Friday, Jul. 24, 1964

The Disenchanted

In an upper gallery of the Cow Palace, Maryland Republican David Scull, a candidate for Congress in the November elections, sat brooding as Barry Goldwater's juggernaut flattened the G.O.P.'s moderates. "Only a quarter of the country is Republican," scowled Scull, "and only a third of the Republicans are for Goldwater. That's about 8% of the country for him. I'm not going to leave the party, but I'm going to run an independent campaign."

Scull's figures may be open to dispute, but his deep gloom over the Goldwater nomination was by no means an isolated phenomenon. For just as the Senator from Arizona evokes an almost fanatic devotion among his followers, he stirs a feeling of horror among many who disagree with him. To them, he is the backward-looking leader of the new Luddites, enraged at the complexities of modern life and bent on smashing the machinery that has been painstakingly devised over the past 50 years to deal with them. "A group has taken control here," said Henry Cabot Lodge in San Francisco last week, "that doesn't understand the modern world."

Pop! It is not a personal thing, for nearly everyone who has met Goldwater--including Presidents Kennedy and Johnson--has professed to like him as a man. But many are repelled by his ideology, by the men who surround him, and by the stark fear that his fundamentalist theories will attract every manner of extremist to his banner. "He is a man filled with warmth," says former Eisenhower Speechwriter Malcolm Moos, who worked in Bill Scranton's foredoomed campaign. "But I fear his inability to curb his friends and some of the extreme zealots on the right."

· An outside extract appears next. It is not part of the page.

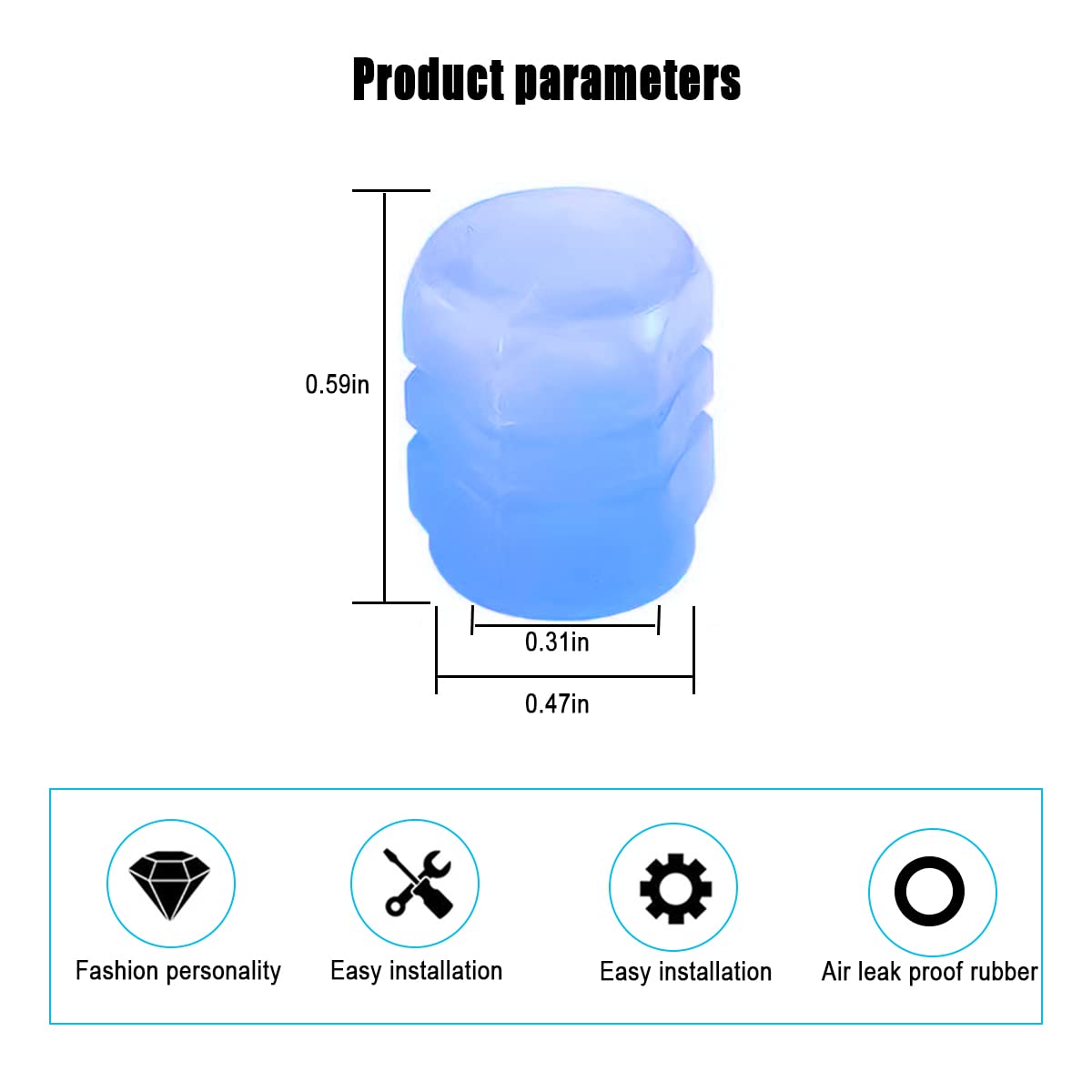 Tire Valve Stem Caps For Car, 4Pcs Noctilucous Tire Air Caps Cover, Illuminated Auto Wheel Valve Stem Cap, Car Accessories Universal For Car, Truck, Suv, Motorcycles, Bike (Blue)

Among anti-Goldwaterites, there is a feeling that the G.O.P. is now in the hands of a thoroughgoing Bourbon. "For all his warmth as a person," says Wall Street Lawyer Lyman Tondel Jr., a Republican, "he has an appalling lack of understanding of the problems of most people, particularly the man who is hit by forces beyond his control." Some worry that beneath his attractive exterior and easygoing manner is a deep, though untapped, vein of authoritarianism. Negro Leader James Farmer said that Goldwater Youth marchers reminded him of the Hitler Jugend, and a German banker in Munich recently told an American acquaintance, "If we give you four or five years, you'll start putting on brown shirts."

Among many Republicans, most Democrats, and nearly all foreign observers, the overriding concern is that Goldwater would bumble into a nuclear war through carelessness or plain pigheadedness. "Can you imagine what would have happened if Goldwater had been in the White House during the Cuban missile crisis?" asked an aide of Michigan Governor George Romney. The aide thereupon touched a lighted cigarette to an inflated balloon. Pop!

Back to the Store. Those who cherish the G.O.P.'s image as the party of Lincoln are also alarmed. They fear that Goldwater's managers will cynically seek to inflame Negro-white tensions in the hope that a civil rights explosion would propel their man into the White House on a tide of segregationist votes. As it is, Goldwater will get few Negro votes. "Some Negroes are Republicans because of their conservative philosophy," says Dr. Lee Shelton, Negro vice chairman of Georgia's Fulton County Republican committee, "but none are anti-Negro. That's what they're being asked to be in the Goldwater campaign."

To leaven the bitterness, anti-Goldwaterites crack wry jokes. Just before the convention began, a Republican leader snickered when asked how he would run his local campaigns with Goldwater heading the ticket. Said he: "I'll jump off that bridge when I come to it." In Chicago, stationery shops stocked a card designed for mailing to Barry. On the outside it says, "You made me what I am today," and on the inside, "... a Democrat."

To many Republican officeholders, that is no joke. New York Congressman John Lindsay said he might not vote for Goldwater because certain "principles are dear to me and I'm not going to desert them." Senator Kenneth Keating of New York indicated that he might run independently to maintain "the integrity of my beliefs." Michigan's Governor George Romney felt the same way. "Well," said he, after San Francisco, "we're going back to work just as hard as we can to assure Republican victories in Michigan." "Don't you mean Republican victories all over the U.S.?" asked a reporter. Snapped Romney: "I meant exactly what I said."